As a company, FrieslandCampina is running the transition towards pervasive data-driven decision making, not only on strategic level, it penetrates right into our 24/7 operations company wide. We have been working hard to deliver high-quality business intelligence reports and dashboards, that enable descriptive and diagnostic capabilities across all business groups. At the same time, we focus our efforts on improving our predictive and forecasting capabilities which are executed by business-embedded data scientists.
The Global Data Platform team is there to support these analytical efforts and products on a global level. We are building a state-of-the-art AWS cloud-based data landscape, consisting of a data lake and high performance data-warehouse, using largely AWS standard services (S3, Redshift, Cloudwatch,etc.).
In your capacity as Data Engineer, you ensure that our data pipelines are built to perform and scale. You will be responsible for operating our existing PySpark-based pipelines, running on AWS-standard building blocks like S3, Lambda and EMR. You will also be responsible for orchestrating the pipelines, using Airflow, as well as driving continuous improvement on our CI/CD pipelines and data access configuration. Except for developing and operating your own pipelines, you will also be expected to review and test those of built by other developers.
To succeed in this role, you should have a solid foundational understanding of the data engineer’s toolbox. You will perform a wide range of activities, from exploring new solutions, to executing root-cause-analysis for production data or CI/CD pipeline breaks down. You will be challenged constantly in seeking the balance between assuring an “Always On ” production landscape”, whilst driving innovation with a fail-fast attitude.
From a technical perspective, you should have demonstrable knowledge of both data engineering-, as well as DevOps / Platform engineering skills. Here are some of the skills we will expect from you:
- Proven experience with AWS services (ideally certified as AWS Solution Architect or AWS Certified Developer – Associate)

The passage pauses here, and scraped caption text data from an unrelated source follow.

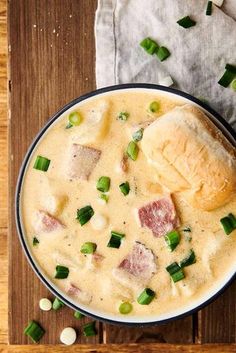 a bowl filled with soup on top of a wooden table next to bread and green onions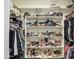 Organized walk-in closet with shelving and hanging storage for clothes and shoes at 3016 N Glenview --, Mesa, AZ 85213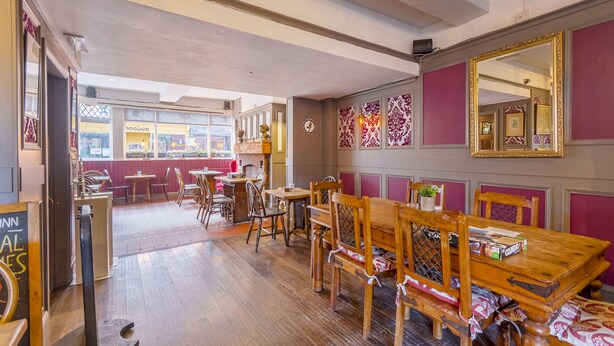 A restaurant interior with wooden tables and chairs, a large mirror, and decorative wall panels.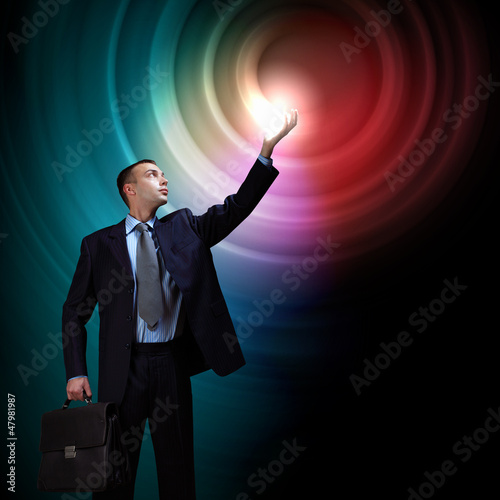 Photo: Businessman with light shining Businessman with light shining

- Extensive experience with Python, PySpark, SQL and Linux scripting
- You have a foundational understanding of CI/CD, including principles of code branching and merging and can explain how to utilize AWS Code Commit & Code Pipeline (or at least GIT) to build and operate a CI/CD pipeline
- Ideally you are also familiar with Airflow and know how to build and debug DAG’s
- If you already know how to manage access controls using AWS IAM roles, coupled with Microsoft Active Directory services, that is nice. If not, you will learn!
As an international company, our primary business language is English and we often work with remote teams. This means that you need to bring in an excellent communication skills and good cultural awareness.